● WHAT THE EXERCISE ASKS:
Set down, exactly and with no pictures, the line that contains "Pull col bateau" and all lines after it in the listing.

● SUPPLIED DATA:
↓

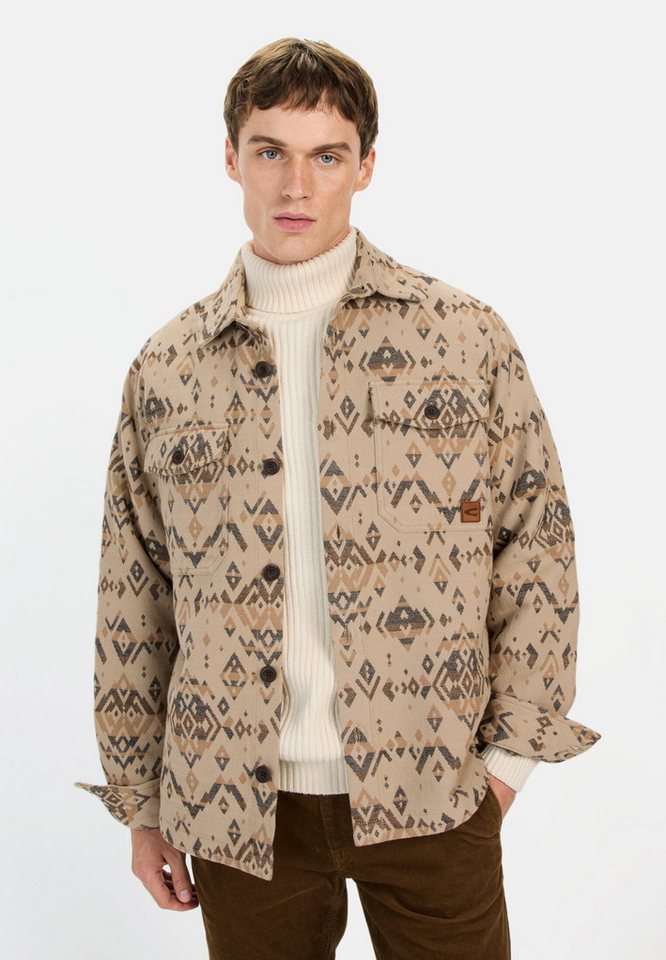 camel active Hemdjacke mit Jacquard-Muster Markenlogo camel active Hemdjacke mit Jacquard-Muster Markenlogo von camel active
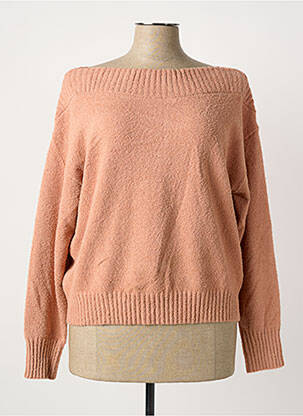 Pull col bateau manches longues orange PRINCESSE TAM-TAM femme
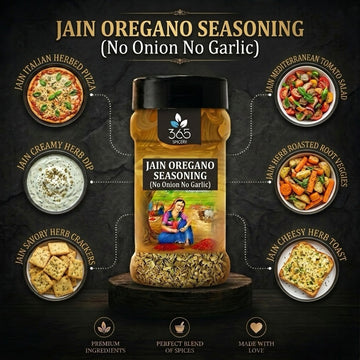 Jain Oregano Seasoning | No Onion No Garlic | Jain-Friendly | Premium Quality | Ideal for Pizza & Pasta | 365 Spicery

↑

● RESPONSE:
 Pull col bateau manches longues orange PRINCESSE TAM-TAM femme
 Jain Oregano Seasoning | No Onion No Garlic | Jain-Friendly | Premium Quality | Ideal for Pizza & Pasta | 365 Spicery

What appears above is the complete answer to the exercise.